- **DIRECTIONS FOR THIS TASK**: Output the whole listing exactly, except for the pictures in it.

[[ SUPPLIED MATERIAL open ]]

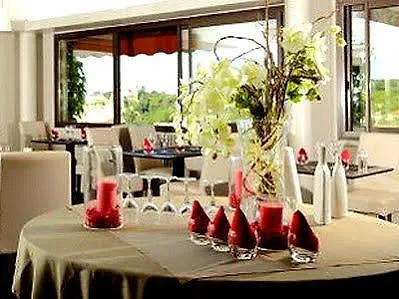 Logis Hotels - Le Belvedere - Hotel 2 Etoiles Et Restaurant Rocamadour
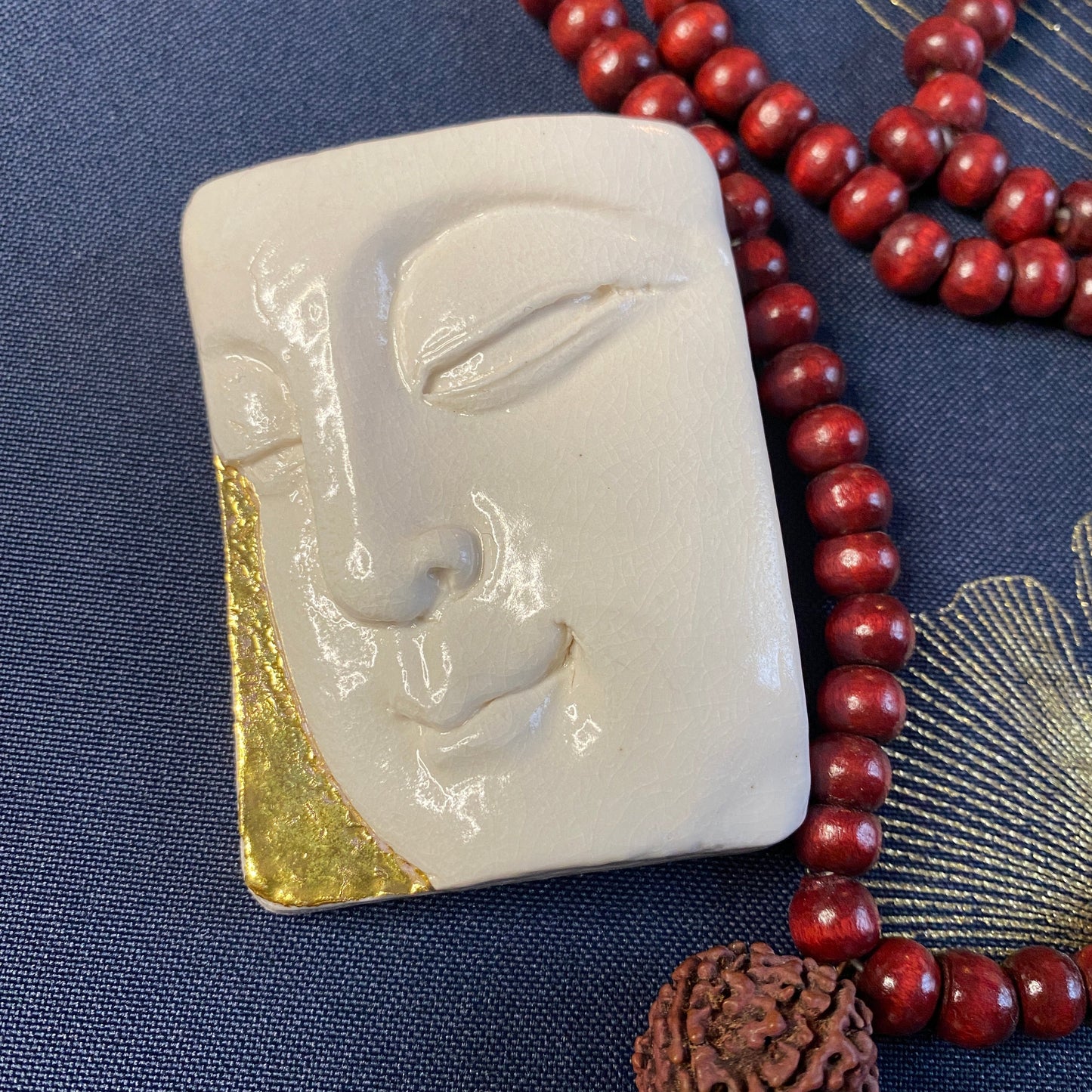Bouddha Porcelaine et Or. Réf. BYF0#4#9 NAMO ART - Mona Bessaa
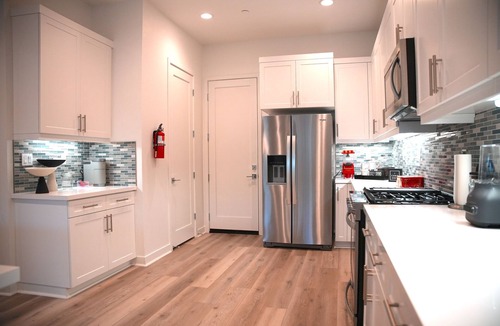 Palm Springs House | Palm Springs Retreat | Heated Pool Spa | 5 mins to Downtown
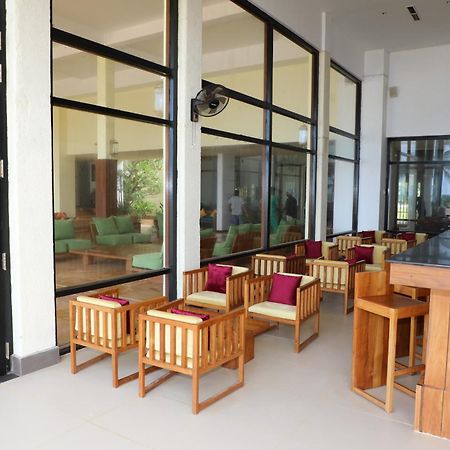 Grand Beach Wadduwa Exterior foto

[[ SUPPLIED MATERIAL closed ]]

- **TASK SOLUTION**:
 Logis Hotels - Le Belvedere - Hotel 2 Etoiles Et Restaurant Rocamadour
Bouddha Porcelaine et Or. Réf. BYF0#4#9 NAMO ART - Mona Bessaa
 Palm Springs House | Palm Springs Retreat | Heated Pool Spa | 5 mins to Downtown
 Grand Beach Wadduwa Exterior foto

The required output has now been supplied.